本件商標は,上記(2)のとおり,日蓮宗のお題目である「南無妙法蓮華経」の前半の漢字3文字「南無妙」を「七六冥」に置き換えて表したものと認識させるものであるから,当該お題目を容易に想起させるものであって,その称呼も基本的には「ナムミョウホウレンゲキョウ」に特定されるものである。

そして,このように日蓮宗のお題目をそれと同じに発音される他の文字に一部を置き換えて表すこと,及び置き換えて表した標章を「ナムミョウホウレンゲキョウ」の称呼のもと一個人が商標として使用することは,少なくとも日蓮宗の信者をして,日蓮宗の尊厳を毀損され,信仰上の感情を害されるおそれのあるものと判断するのが相当である。

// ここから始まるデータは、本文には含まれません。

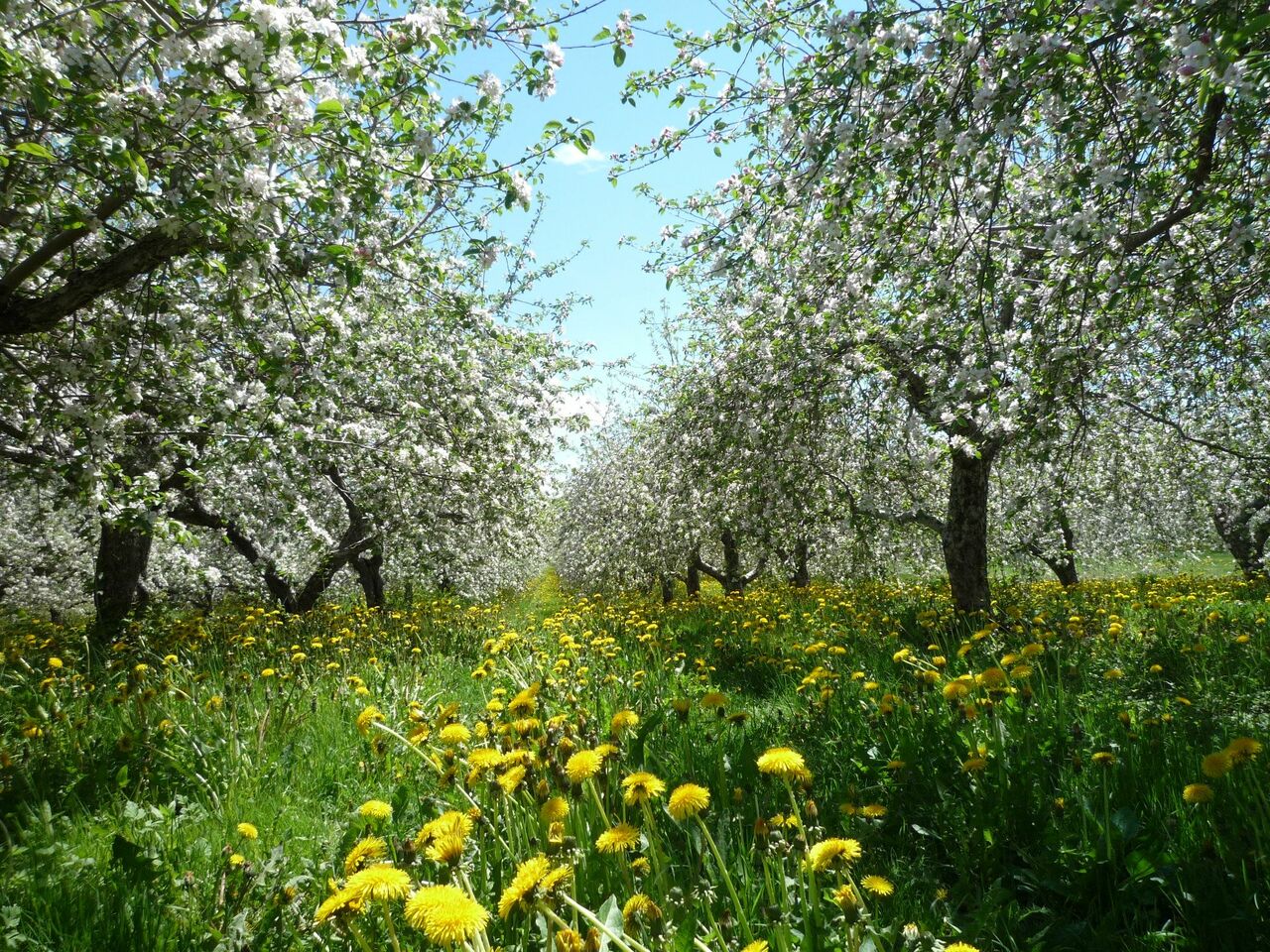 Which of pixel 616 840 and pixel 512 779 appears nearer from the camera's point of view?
pixel 616 840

そうすると,日蓮宗のお題目である「南無妙法蓮華経」の前半の漢字3文字「南無妙」を「七六冥」に置き換えて表したものと認識させ,当該お題目を容易に想起させるとともに,その称呼も基本的には「ナムミョウホウレンゲキョウ」に特定される本件商標は,上記(1)の「......他人に不快な印象を与えるような文字」に該当し,「公の秩序又は善良の風俗を害するおそれがある商標」といわなければならない。

したがって,本件商標は,商標法第4条第1項第7号に該当する。

第4 商標権者の意見

商標権者は,上記第3の取消理由に対して,指定した期間内に意見を述べていない。

第5 当審の判断

本件商標は,上記第1のとおり,「七六冥法蓮華経」の漢字を横書きした構成からなるところ,本件商標が商標法第4条第1項第7号に該当するとして通知した上記第3の取消理由は,妥当なものと認められる。

したがって,本件商標の登録は,商標法第4条第1項第7号に違反してされたものというべきであるから,同法第43条の3第2項の規定により,取り消すべきものである。

よって,結論のとおり決定する。